Ukraine’s government is reportedly planning to use a pair of commercial recruitment firms to engage in the targeted recruitment of conscripts to make it so that recruits can get jobs which match their skills, some of them behind the frontlines, instead of just being sent to the front indiscriminately.
“Some people are scared, scared to die, scared to shoot, but it doesn’t mean they can’t be involved in other activities,” Ukrainian Security Council secretary Oleksiy Danilov told British media of the new initiative, which is expected to be rolled out as soon as later this week.
Authorities expect the new approach to convince skilled Ukrainians who may want to help the war effort but don’t want to die senselessly at the front to stop hiding from the draft.
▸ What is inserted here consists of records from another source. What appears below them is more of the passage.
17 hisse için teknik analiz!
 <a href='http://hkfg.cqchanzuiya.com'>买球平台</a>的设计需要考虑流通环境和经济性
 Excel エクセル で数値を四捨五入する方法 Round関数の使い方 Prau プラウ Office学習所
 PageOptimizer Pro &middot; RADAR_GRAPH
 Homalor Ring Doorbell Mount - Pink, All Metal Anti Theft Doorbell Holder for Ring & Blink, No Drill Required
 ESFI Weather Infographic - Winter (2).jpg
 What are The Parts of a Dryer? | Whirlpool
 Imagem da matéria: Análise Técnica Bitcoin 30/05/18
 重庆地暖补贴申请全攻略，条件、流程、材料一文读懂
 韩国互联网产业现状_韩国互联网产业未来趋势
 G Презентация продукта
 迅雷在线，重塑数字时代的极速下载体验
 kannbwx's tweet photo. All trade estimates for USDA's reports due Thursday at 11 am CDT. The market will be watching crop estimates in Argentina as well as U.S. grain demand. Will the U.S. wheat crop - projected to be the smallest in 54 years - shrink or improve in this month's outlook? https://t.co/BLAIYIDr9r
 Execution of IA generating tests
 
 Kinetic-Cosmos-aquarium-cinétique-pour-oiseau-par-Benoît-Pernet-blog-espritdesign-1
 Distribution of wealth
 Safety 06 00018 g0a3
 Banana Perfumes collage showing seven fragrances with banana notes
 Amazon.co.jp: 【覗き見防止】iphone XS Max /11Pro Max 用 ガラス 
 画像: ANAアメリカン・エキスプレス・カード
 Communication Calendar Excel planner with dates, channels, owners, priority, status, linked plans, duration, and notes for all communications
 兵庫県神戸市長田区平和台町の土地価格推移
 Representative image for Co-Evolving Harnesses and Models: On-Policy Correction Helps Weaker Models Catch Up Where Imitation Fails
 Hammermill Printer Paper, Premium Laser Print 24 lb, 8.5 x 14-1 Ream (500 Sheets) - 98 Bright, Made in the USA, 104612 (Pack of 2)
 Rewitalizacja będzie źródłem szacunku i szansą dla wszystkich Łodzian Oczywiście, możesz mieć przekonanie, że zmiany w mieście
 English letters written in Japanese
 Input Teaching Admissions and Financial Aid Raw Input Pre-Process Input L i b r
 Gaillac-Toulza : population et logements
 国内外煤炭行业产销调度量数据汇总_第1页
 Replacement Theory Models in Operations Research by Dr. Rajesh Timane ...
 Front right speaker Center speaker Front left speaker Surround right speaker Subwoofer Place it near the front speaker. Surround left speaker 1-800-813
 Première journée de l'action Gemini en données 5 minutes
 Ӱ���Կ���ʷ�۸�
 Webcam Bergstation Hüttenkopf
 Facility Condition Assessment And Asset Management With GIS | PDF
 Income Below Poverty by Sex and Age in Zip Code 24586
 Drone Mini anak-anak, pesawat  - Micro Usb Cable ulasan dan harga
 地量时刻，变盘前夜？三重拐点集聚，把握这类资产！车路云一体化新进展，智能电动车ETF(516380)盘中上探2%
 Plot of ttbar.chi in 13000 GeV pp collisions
“The mobilization will become more flexible, those specialties that are required will be announced, and people will be volunteering for a concrete position. For example, they need welders or mechanics and so on,” Danilov said.
President Zelensky announced a mystery new package of mobilization measures proposed to him by recently appointed businessman-turned defense minister Rustem Umerov, saying last Friday that he would be seeing the plan in the week starting Monday. “The plan will be worked out and all the answers will be there,” Zelensky promised, without elaborating.
20 November 2023, 08:09 GMT
The Russian military has reported on the horrific losses suffered by Ukraine’s army over the course of its disastrous summer counteroffensive, which has failed to break through heavily fortified Russian lines, and which Ukrainian top general Valery Zaluzhny admitted earlier this month had turned into a WWI-style “stalemate.”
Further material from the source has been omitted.